◆ **TO DO**: Your answer must be the full listing, reproduced exactly.

[Opening SOURCE MATERIAL section]

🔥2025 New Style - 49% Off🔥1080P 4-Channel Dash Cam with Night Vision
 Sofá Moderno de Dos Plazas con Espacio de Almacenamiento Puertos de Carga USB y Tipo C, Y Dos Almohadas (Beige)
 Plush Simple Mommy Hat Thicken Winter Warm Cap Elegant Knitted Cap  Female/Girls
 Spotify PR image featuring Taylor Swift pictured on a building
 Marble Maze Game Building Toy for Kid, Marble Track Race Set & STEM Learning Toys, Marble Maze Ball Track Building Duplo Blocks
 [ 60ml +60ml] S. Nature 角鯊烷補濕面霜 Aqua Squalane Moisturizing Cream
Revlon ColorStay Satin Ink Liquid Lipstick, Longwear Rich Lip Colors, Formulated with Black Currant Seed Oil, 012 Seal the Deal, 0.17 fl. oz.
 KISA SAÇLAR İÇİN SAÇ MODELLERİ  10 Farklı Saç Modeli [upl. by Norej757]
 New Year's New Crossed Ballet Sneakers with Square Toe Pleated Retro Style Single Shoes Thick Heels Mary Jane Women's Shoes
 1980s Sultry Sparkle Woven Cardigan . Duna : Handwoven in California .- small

[Closing SOURCE MATERIAL section]

◆ **COMPLETED TASK**:
🔥2025 New Style - 49% Off🔥1080P 4-Channel Dash Cam with Night Vision
 Sofá Moderno de Dos Plazas con Espacio de Almacenamiento Puertos de Carga USB y Tipo C, Y Dos Almohadas (Beige)
 Plush Simple Mommy Hat Thicken Winter Warm Cap Elegant Knitted Cap  Female/Girls
 Spotify PR image featuring Taylor Swift pictured on a building
 Marble Maze Game Building Toy for Kid, Marble Track Race Set & STEM Learning Toys, Marble Maze Ball Track Building Duplo Blocks
 [ 60ml +60ml] S. Nature 角鯊烷補濕面霜 Aqua Squalane Moisturizing Cream
Revlon ColorStay Satin Ink Liquid Lipstick, Longwear Rich Lip Colors, Formulated with Black Currant Seed Oil, 012 Seal the Deal, 0.17 fl. oz.
 KISA SAÇLAR İÇİN SAÇ MODELLERİ  10 Farklı Saç Modeli [upl. by Norej757]
 New Year's New Crossed Ballet Sneakers with Square Toe Pleated Retro Style Single Shoes Thick Heels Mary Jane Women's Shoes
 1980s Sultry Sparkle Woven Cardigan . Duna : Handwoven in California .- small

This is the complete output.